Mrsupole I love your devotion!
That's about the best description of God I've ever come a cross...
I agree with Jinksy - & probably mirrors the place I'm going. Just not quite there, what with the choir singing and all. And why not sing in a choir - it definitely brings me to a more God-place than I'm usually in.
About the language? The Germans invented it all & then it got translated to English & is quite unaccessible to the average person (so says the seminary dropout quite a bit tongue-in-cheek LOL).
Nice way of putting it, Reya. Nice that you have God back.
Thank you and you're welcome.
I'm content to realize that something bigger than me is loose in the universe. I have no compulsion to seek the approval of the Sky Daddy, though.
Merle the Sky Daddy thinks you are the best thing evah.
If I understand correctly, Reya, your theory would then presuppose a distinction between our specifically shaped reality and the divine realm. I don't see that.
I see a connectedness between all things. A power, a vibration, a soul, if you will, in everything on Earth (and in the neverending universe) . I think the power itself is Love. In fact, even though I often us the word 'God,' my brain literally sees the word as 'Love.'
Gaia, if you'd rather use that name, is in everything...the trees, the soil, you, me, our brethren around the world, the oceans, the wildlife, our crops, etc. It is in us, and we are in it.
Maybe an image more to my liking than the conveyor belt would be something like the rays of the sun with its warming beams, or an eternal font of spring water, with the water pouring forth, sustaining and nurturing everything in its path, taking new forms, generating new life, and creating new pathways...the source and the sustenance of everything contained by it and in it.
We each have our own ideas, and our own interpretations, of course. The important thing is to continue asking questions and seeking answers...together, if possible.
I think you have expressed the Divine very well.
I have been having discussions with several people recently about the nature of Goddess/God. It may just be my experience but I think that in focusing so tightly on the Goddess, you miss the full meaning and message of the God.
My personal feelings are that God or Divinity is in the relationship between the Male and Female in us all.
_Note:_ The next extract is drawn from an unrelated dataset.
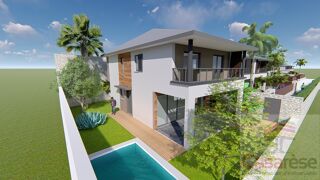  Maison � vendre 5 pi�ces 96 m�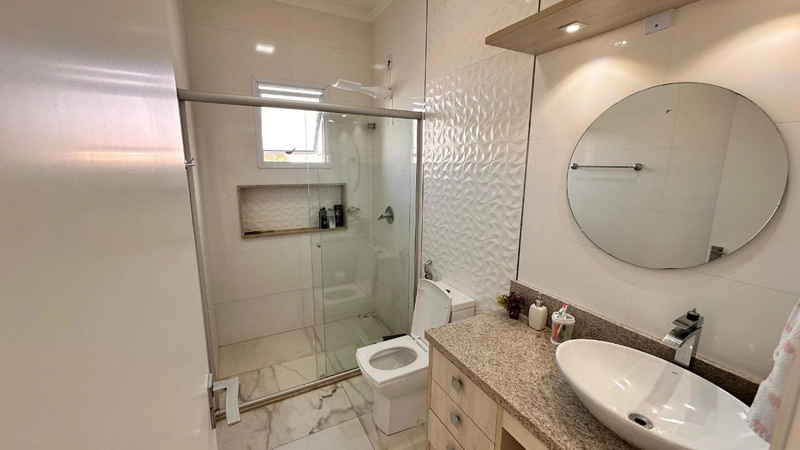Oportunidade! Casa à Venda a 100 Metros da MAR em BALNEÁRIO GAIVOTA/SC: 9ª foto da galeria de imagens do imóvel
So in this sense, the Divine is formless as each relationship is different.
Hope this makes sense, it will always be a work in progress to understand the Divine. That's why I call it a path, it's a journey. :)
Oh, and I also have dedicated myself to Brighid. Her creativity and passion that make her the patron of healing, smithing and poetry just light up my life. :)
Jo, my guess is we're thinking the same thing, using different words to describe it. Wish we could sit down and drink coffee and talk about it for hours!
I am a bit behind in reading blogs since I didn't do so while in Europe en vacance.
Wicca has always had an allure for me. I just noticed a "class" in a town not too far from me that is starting up in a few weeks. Is a "class" necessary do you think? I've read books, but it seems hard to put what I read into action. ?
As always, you are inspirational to read. Loved this.
A class really helps because it will bring you from the theoretical into the experiential. Also it provides you with instant community from which you can get feedback and advice - ALWAYS a good thing when practicing magic.
"Smite" is such a great word. "Smote" is even better. :)
I don't think of God as a personification -- more like a force, or a structure of things as they truly are that's beyond our comprehension. I don't think God has a will or directs things, though. As Merle so colorfully put it, no Sky Daddy.
I, too, love the word SMITE. Remember in the early days of computers when you could buy little stickers to place over the DELETE key, stickers that said SMITE? Fun.